Exercise objective:
The copy has to match the data exactly and leave out every picture.

───── Input data ─────

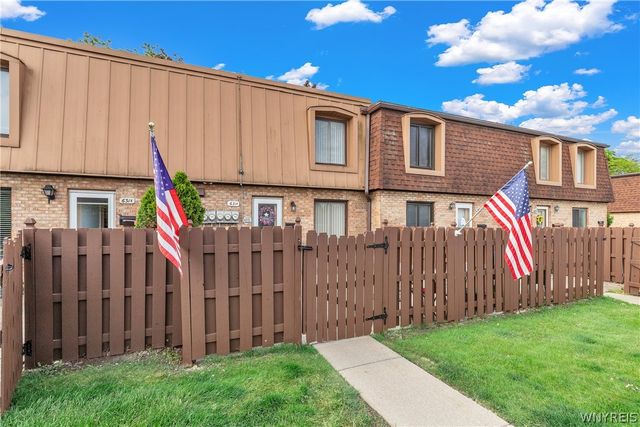 631 Skinnersville Road F, Amherst, NY 14228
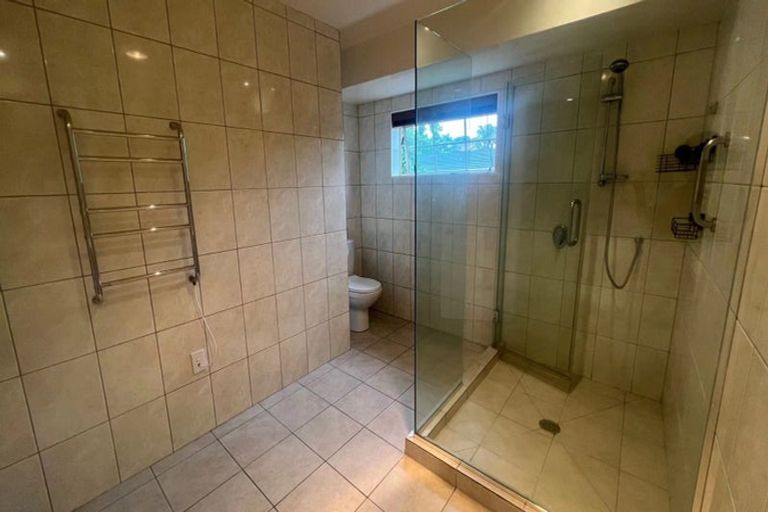 Photo of property in 22a Mcleod Road, Henderson, Auckland, 0612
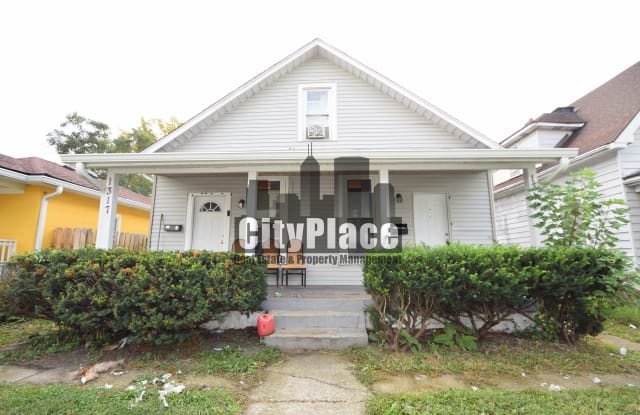 1319 W 27th St photos photos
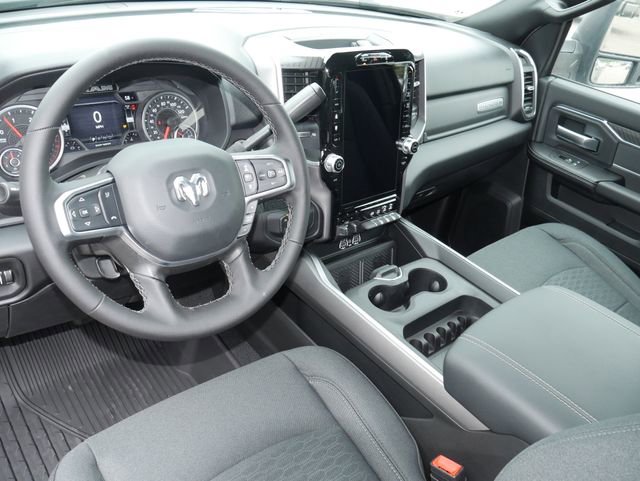 New 2026 RAM 3500 Big Horn AWD/4WD image 13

─────

Response to the task:
 631 Skinnersville Road F, Amherst, NY 14228
 Photo of property in 22a Mcleod Road, Henderson, Auckland, 0612
 1319 W 27th St photos photos
 New 2026 RAM 3500 Big Horn AWD/4WD image 13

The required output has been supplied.